Rating:
No matter, they rocked. Cold, frayed nerves and all. So, it was an added pleasure to get home with my newly purchased copy of this, their debut CD, to find that the completely unknown group was even better recorded than live. I imagine that a huge part of the credit for that ought to go to producer Steve Albini. Yes, that Steve Albini-- not some be-mulleted namesake from Bensonhurst, but the same man who recorded In Utero and Rid of Me, and several other albums you never sold back to the local CD Exchange for $5.
That's sort of a big deal, right, so I thought I'd take a look at the band's website to get the scoop, some scoop, or anything, really. And? My perusal of the website uncovers... nothing! Only a photograph of a mechanical spider suspended from some strange steel girder structure at dusk. And the glossy CD insert is every bit as eager to obfuscate the identities of the players, the lyrical content of the songs, and whether or not the album title is some sort of Joyce-damaged homage. Instead, we get a frustratingly cryptic, albeit very pretty series of photographs taken in various desolate, urban locations: industrial alleyways, close-ups of cinder-blocks with bird stencils, a faraway shot of a bizarre baptism scene on a rock jetty with the Verrazano Narrows bridge in the background.

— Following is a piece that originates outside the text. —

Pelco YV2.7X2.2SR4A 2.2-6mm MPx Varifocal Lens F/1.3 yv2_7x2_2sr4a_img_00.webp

But what's a mystery if you don't give a shit whodunit? That's where these ten, enticingly short tracks come in. (Their music is, like, the "it" in "whodunit." Follow along now.) The three culprits craft wiry, punchy, indie pop with refreshingly un-hackneyed time-signature games and judiciously placed dissonant chords. The tracks blend into one another, making this under-twenty-minute "album" more of a concept EP than anything, and the songs are basically all in the same key. These sorts of things ordinarily make me play Promo Frisbee, but of course, this wasn't a promo and, more importantly, Icarus musically surpasses the flying Nerf disc.
"Stel," apparently comprised of both tracks one and two, opens things up with lots of start/stop/start action and brittle guitar jangle, over which Tween sings something about children. I can't make it out, but the music makes a compelling case for the trio as a rock, um, form. The bass is at turns melodic and quietly solid, locking perfectly with the drums when it has to, and never leaving the vocals or the sweet and wispy guitar parts out to dry. There is no excess to the arrangements and every element has a role which it fulfills beautifully. The overall effect is sort of a minimalist Jawbox with a disdain for 4/4 time, and an effortless talent for making unconventional time sound perfectly natural.
The songs really are so short and interdependent that it's hard to speak of them as individuals. "Sunday," the third "song," again made up of tracks five and six, is the album's finest moment. Here, Tween's silvery voice, perhaps the best thing about this band, soars like the album's namesake around a gorgeous melody, and over some tastefully off-kilter drumming, while his guitar lines follow a pace or two behind.
Rivaling "Sunday" for top honors is "Classical," the album's eighth track and fifth song (someday, it will all be explained). Again, the song's strong point is Tween's melody. The soothing, and oddly poppy vocal lines anchor the music's stop-and-go eccentricities and distract you from the potentially troubling fact that you've been hearing the same major scale for fifteen minutes.
"Stravinsky," the questionably titled but nevertheless solid final track is a shoe-in for the bronze, employing a gorgeous piano line that could never work in a rock context if attempted by someone clumsier. But in the Forms' able hands this potentially awkward component becomes just one more sound in their mellifluous, wonderfully well-integrated sonic attack.